Extracted records:
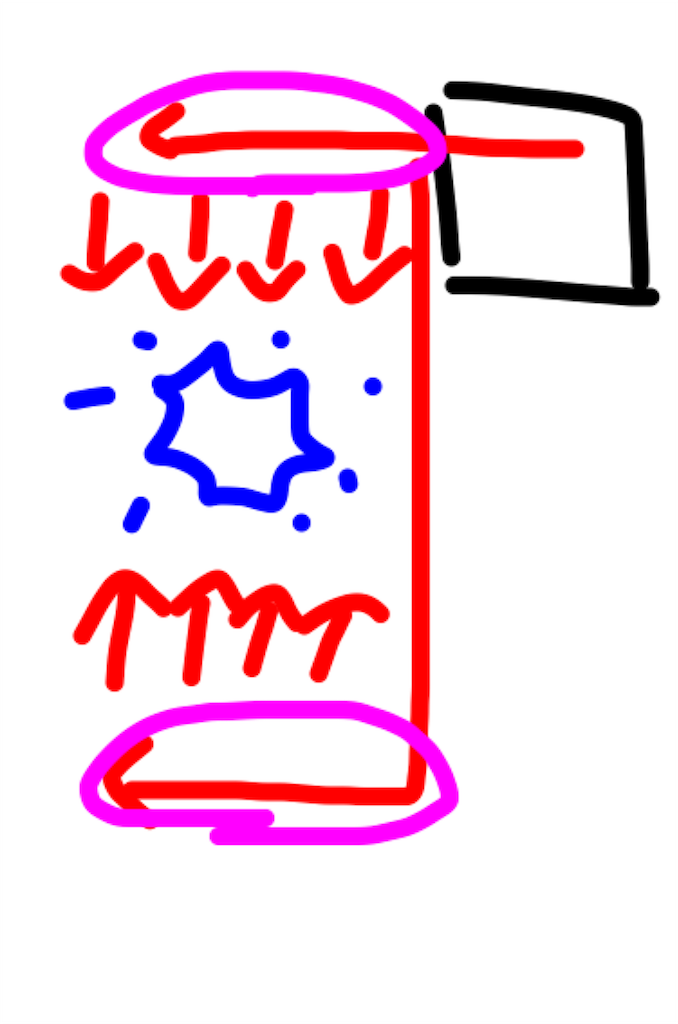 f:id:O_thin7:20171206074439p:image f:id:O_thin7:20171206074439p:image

* * *

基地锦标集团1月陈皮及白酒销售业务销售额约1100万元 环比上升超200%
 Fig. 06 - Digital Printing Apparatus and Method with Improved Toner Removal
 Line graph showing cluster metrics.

What to produce: In the listing above, locate the line with "基地锦标集团1月陈皮及白酒销售业务销售额约1100万元 环比上升超200%" and the line with "Line graph showing cluster metrics.", then extract exactly those lines and every line between them, and nothing more.

Response area:
基地锦标集团1月陈皮及白酒销售业务销售额约1100万元 环比上升超200%
 Fig. 06 - Digital Printing Apparatus and Method with Improved Toner Removal
 Line graph showing cluster metrics.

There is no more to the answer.